[Source data]
+++

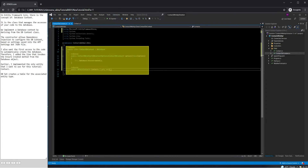Database Context is the class that manages the accesses of your code to the database. We implement a database context by deriving from the DbContext class. The constructor allows dependency injection to configure the DbContext based on settings saved into the appsettings.json file. I also want the first access to the code to automatically create the database. Therefore, I added the line that invokes the EnsureCreated method from the database object.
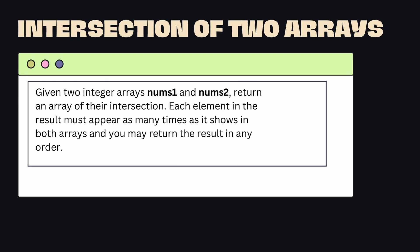Let's read this problem. Given two integer arrays nums1 and nums2, return an array of their intersection. Each element in the result must appear as many times as it shows in both arrays and you may return the result in any order.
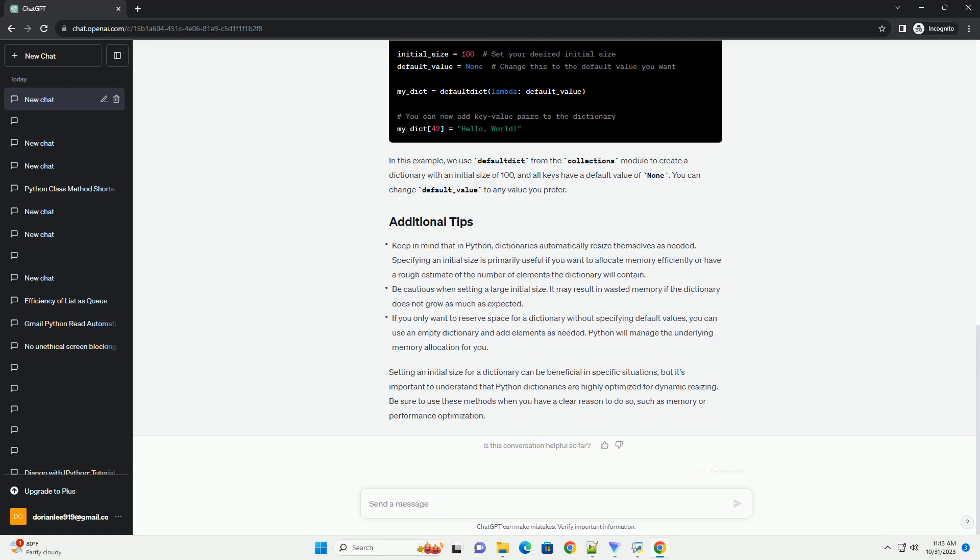Setting an initial size for a dictionary can be beneficial in specific situations, but it's important to understand that Python dictionaries are highly optimized for dynamic resizing. Be sure to use these methods when you have a clear reason to do so.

+++

[Work to be completed] The pictures in the listing above are to be dropped, and everything else reproduced exactly.

[Problem solution]
Database Context is the class that manages the accesses of your code to the database. We implement a database context by deriving from the DbContext class. The constructor allows dependency injection to configure the DbContext based on settings saved into the appsettings.json file. I also want the first access to the code to automatically create the database. Therefore, I added the line that invokes the EnsureCreated method from the database object.
Let's read this problem. Given two integer arrays nums1 and nums2, return an array of their intersection. Each element in the result must appear as many times as it shows in both arrays and you may return the result in any order.
Setting an initial size for a dictionary can be beneficial in specific situations, but it's important to understand that Python dictionaries are highly optimized for dynamic resizing. Be sure to use these methods when you have a clear reason to do so.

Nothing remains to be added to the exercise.